Could you reproduce, from the records below, everything from the line with "Nissan Qashqai 1.2" down to the line with "Photo of property", keeping both of those lines and changing nothing?

* **RECORDS PROVIDED**
◇ ◇ ◇ ◇
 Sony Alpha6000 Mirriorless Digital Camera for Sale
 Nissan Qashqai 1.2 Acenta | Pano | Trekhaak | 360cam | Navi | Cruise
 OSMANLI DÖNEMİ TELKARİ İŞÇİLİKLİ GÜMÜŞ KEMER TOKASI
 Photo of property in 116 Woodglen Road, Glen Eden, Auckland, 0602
◇ ◇ ◇ ◇
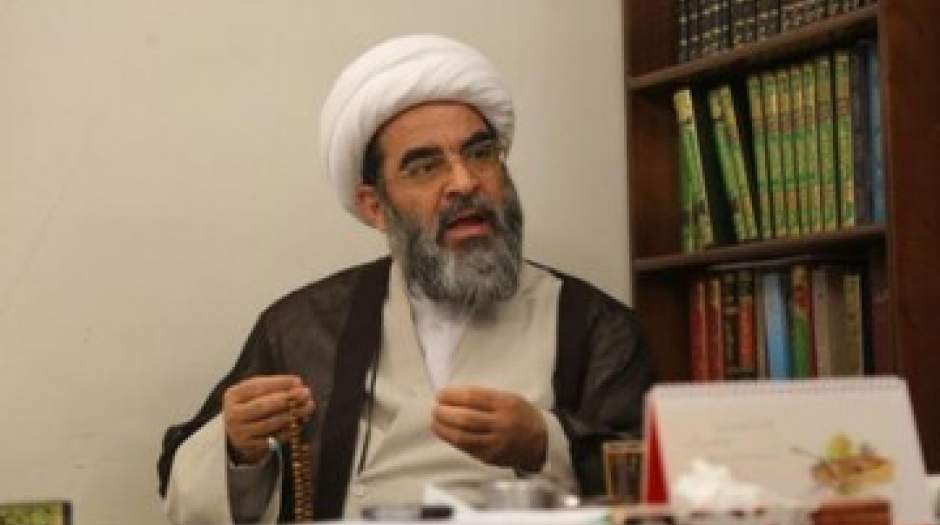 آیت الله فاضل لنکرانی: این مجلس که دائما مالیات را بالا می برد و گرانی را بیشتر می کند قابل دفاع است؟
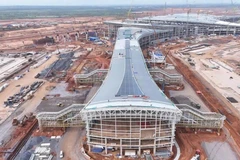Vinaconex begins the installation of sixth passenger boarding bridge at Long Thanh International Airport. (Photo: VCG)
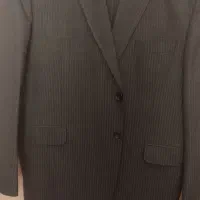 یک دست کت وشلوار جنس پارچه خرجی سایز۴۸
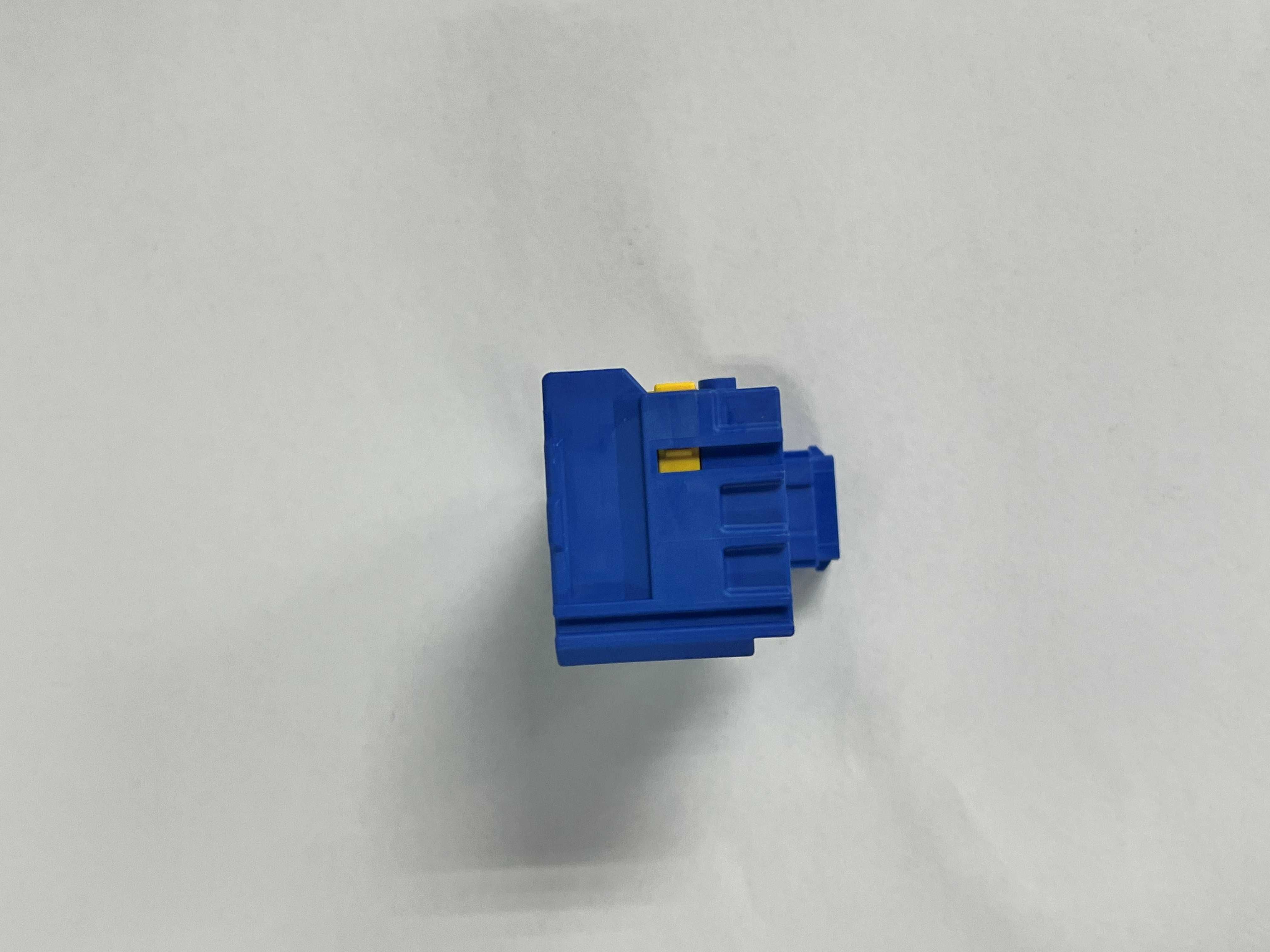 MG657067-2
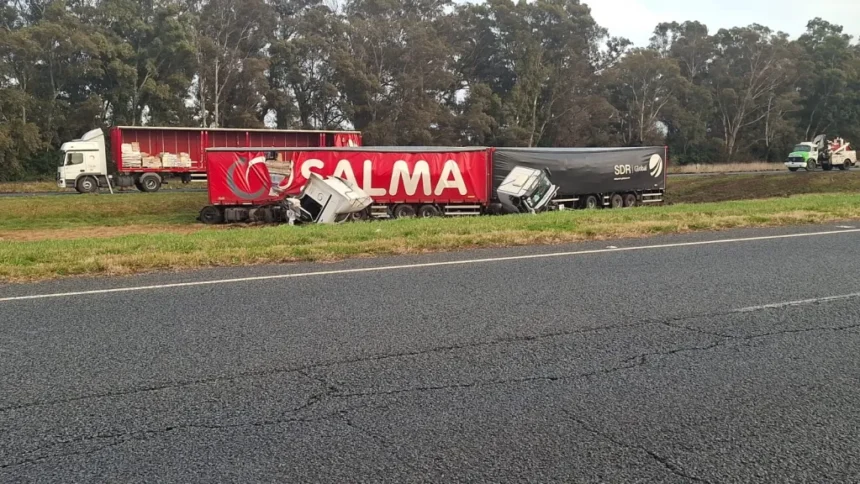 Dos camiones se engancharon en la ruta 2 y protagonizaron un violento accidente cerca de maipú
◇ ◇ ◇ ◇
* **RESULT FOR THIS TASK**
 Nissan Qashqai 1.2 Acenta | Pano | Trekhaak | 360cam | Navi | Cruise
 OSMANLI DÖNEMİ TELKARİ İŞÇİLİKLİ GÜMÜŞ KEMER TOKASI
 Photo of property in 116 Woodglen Road, Glen Eden, Auckland, 0602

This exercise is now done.